The best way to read Clapton: The Autobiography is to start with the index, and scan through looking for the grabbier topics. Nine pages about The Beatles? Skip straight to them, and learn how Eric Clapton went from detesting their pop conformity to dropping acid with George Harrison and soloing on "While My Guitar Gently Weeps." What the hell could Clapton possibly have to say about John Huston? It's all there on page 167, where he writes about doing a comedy skit with Burgess Meredith and Shirley MacLaine for a charity show that Huston also took part in. For such a reserved man, Clapton has worked alongside a lot of famous people, and paging through the index of his autobiography generates a buzz of excitement and access that reading the actual book doesn't provide.

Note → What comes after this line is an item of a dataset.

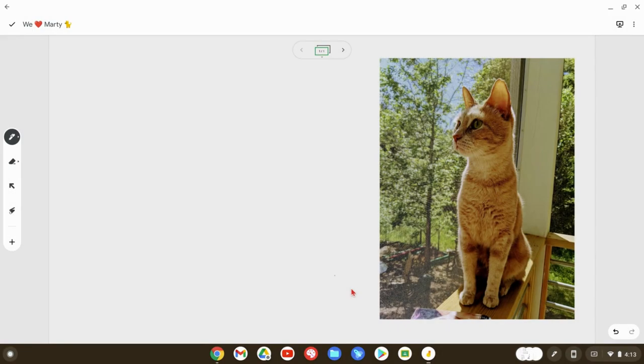Hi, I'm Tom Mullaney. I'm here today to show you how to write and dictate sticky notes in Jamboard on your Chromebook.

The problem with Clapton is that it reads like an index, with the legendary guitarist skipping from topic to topic without giving any of them his full attention. Eschewing the "as told to" approach, Clapton relates his own story in his own words, in a series of choppy chapters that have him casually mentioning paying for his first girlfriend's abortion in one paragraph, then talking about how much he loves Big Bill Broonzy in the next. There's very little flow to the prose, and Clapton often talks about people and troubles he's known without getting into any real specifics. He'll mention that John Huston's anecdotes were "spellbinding," for example, but won't share any of what Huston actually said.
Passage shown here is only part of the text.